In fact, lately I’ve been dreaming about dining scenarios with meat. And the funny thing is, even if my dream I am vegetarian. I figured if I did want to cheat I could always do it in my dream but apparently even my subconscious has amazing willpower.
I’m still undecided if I’m going to start eating meat again. Or if I’m going to re-introduce just one type of meat, say poultry, to my diet. Lord knows how much I crave for fried chicken and isaw and proven and Jamaican patties and siomai (oh yes) and tapa and pretty much everything else that I’ve missed over the past year. But that’s the thing: maybe the craving is all cognitive to make up for the lack of meat — and consequently, protein — in my system; maybe it isn’t something I can translate into action… for now.

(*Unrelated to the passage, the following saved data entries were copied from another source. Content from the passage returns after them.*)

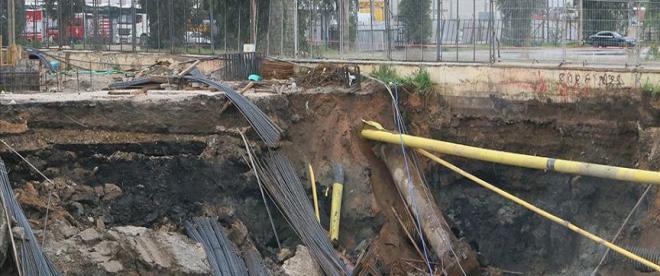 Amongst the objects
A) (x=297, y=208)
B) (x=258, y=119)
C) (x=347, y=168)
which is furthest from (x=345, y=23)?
(x=297, y=208)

So these are my vegetarian thoughts. When Roanna and I had dinner last month, we talked about pretty much everything here and all she could do was laugh at me, especially at the part where I thought I was losing it.
If laughing at my hardships wasn’t enough, this former vegetarian ordered a BLT (which I resisted the sight of) and went on about her recent addiction to liempo, saying that meat is gooood.